In patients who died from any cause, median time from RC to death was 8.4 months (IQR, 6.0–17.3) for the NAC group and 10.1 months for the no NAC group (IQR, 4.4–27.4). For the patients who died from bladder cancer, median time from RC to death was 8.1 months (IQR, 7.6–9.5) for the NAC group and 10.1 (IQR, 8.0–17.8) for the no NAC group.

DISCUSSION

We found that re-TURBT prior to RC with or without NAC is associated with similar rates of pathologic upstaging. Even when stratifying among patients clinically staged with NMIBC on re-TURBT, specifically rT0/rTis/rTaN0 and rT1N0, there was no significant difference found in upstaging rates between the NAC and no NAC groups. Additionally, clinical absence of disease (cT0) on re-TURBT was not an accurate predictor of pathologic absence of disease (pT0), with no significant difference found between the NAC and no NAC groups. We also found that a high percentage of patients who were cT1 on post-NAC re-TURBT possessed > pT2. All cN+ patients on initial TURBT were pT2 or greater at time of RC.

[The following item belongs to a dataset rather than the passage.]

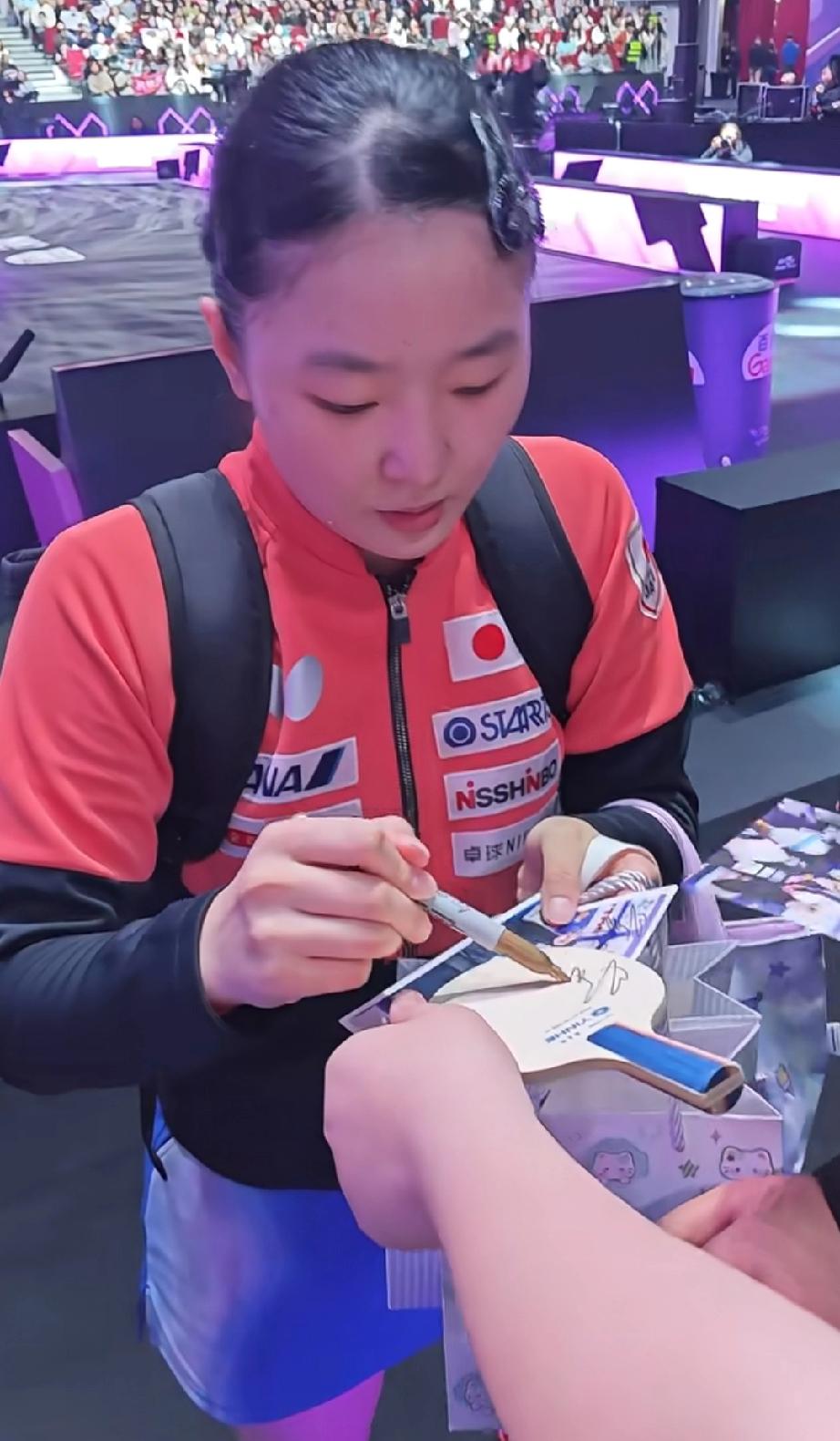 张本美和中国球迷真多！！

重庆冠军赛上，张本美和与安娜的比赛结束了，这场虽然美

Our overall upstaging rate in our study sample was 34.9% (31.0% and 37.0% when stratified by NAC and no NAC, respectively), which falls within the reported rates in the literature on discordance from clinical to pathological staging in bladder cancer, reported as ranging from 20% to 80% [12–14].

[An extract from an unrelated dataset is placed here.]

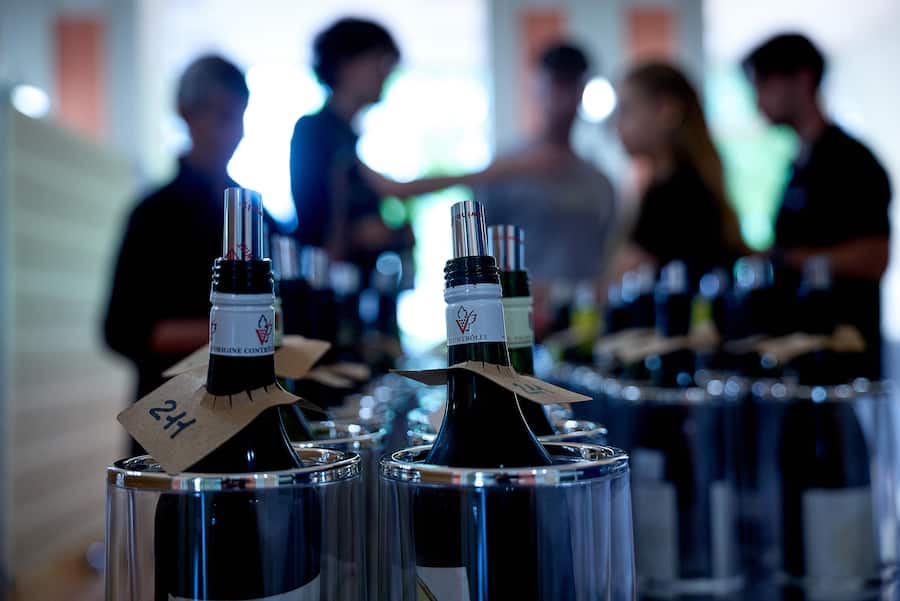 Sierre, le 27 août 2026, Wine Summit, La mémoire des vins Suisses, ici avec Catherine Cruchon, du domaine Henri Cruchon, co-présidente des mémoires © sedrik nemeth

Absence of disease on re-TURBT was a poor predictor of pathologic absence of disease. This finding is in line with the recent work of Kukreja et al. who found only 35.7% of patients who were cT0 on re-TURBT were pT0 on RC [5].

Re-TURBT clinical staging was a poor predictor of the presence of residual MIBC on RC in both patients who did and did not receive NAC. Becker et al. found a NPV of 62.7% in their post-NAC re-TURBT population [10], which is similar to our NPV of 69.0% in our post-NAC re-TURBT group. We also applied this model to our no NAC group and found a similar NPV of 67.0%.

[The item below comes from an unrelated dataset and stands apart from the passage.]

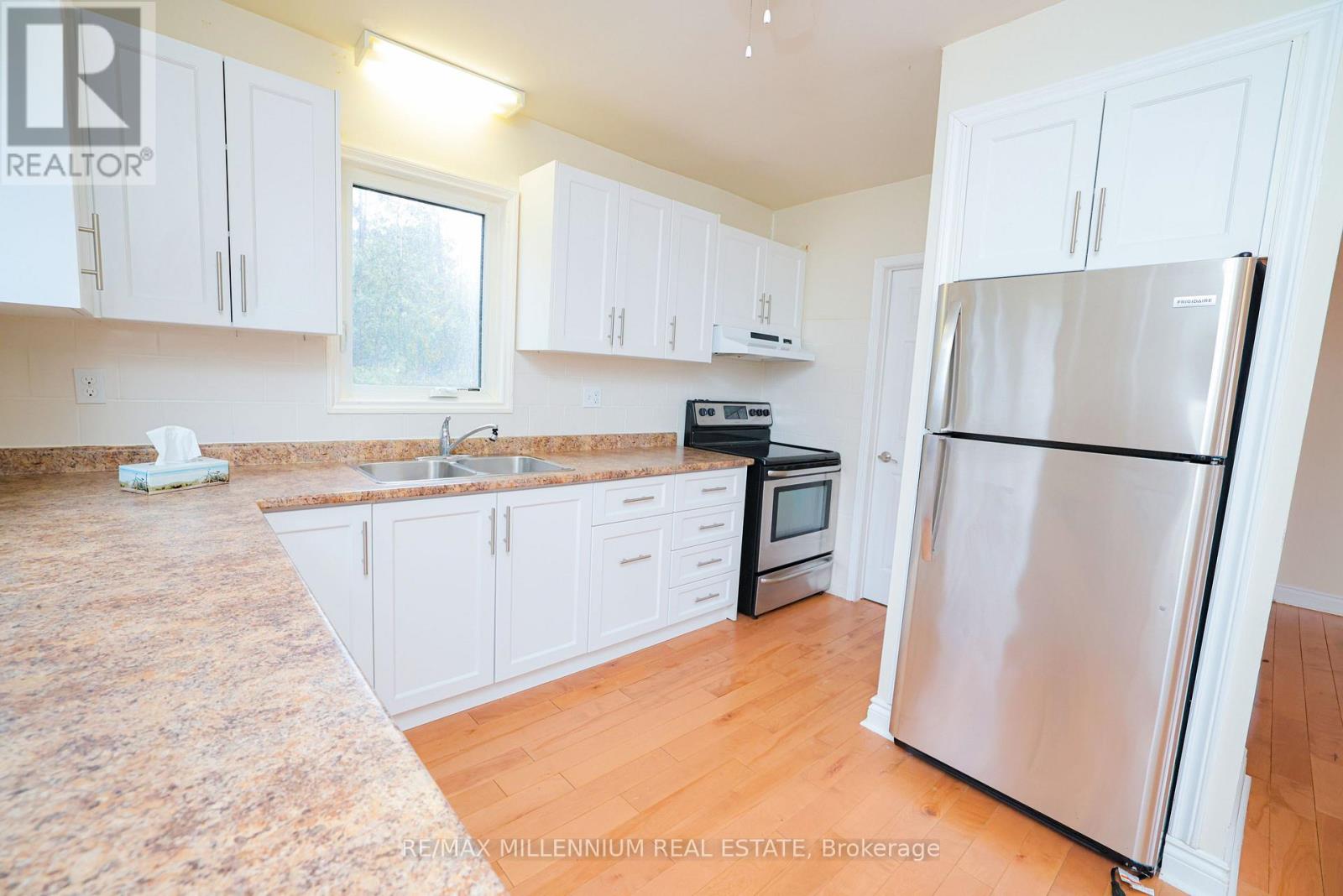 2424 OLDE BASE LINE ROAD - 9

Inaccuracy between clinical and pathological staging has long been one of the primary difficulties in bladder cancer treatment, with the utility of the post-NAC re-TURBT frequently debated. SWOG 0219 remains a cautionary tale in utilizing clinical staging as an indicator for absence of disease in a post-NAC population with 60% of patients presumed to be pT0 at time of cystectomy based on cT0 status post-NAC found to have persistent cancer [19].

Similarly, Becker and colleagues looked at whether re-TURBT after NAC reliably predicts response. In this population, 32% of patients were falsely downstaged when compared with pathological staging and 38% of patients < cT2 were > pT2, leading them to conclude that re-TURBT may indeed be a sub-optimal predictor of clinical response to NAC [10].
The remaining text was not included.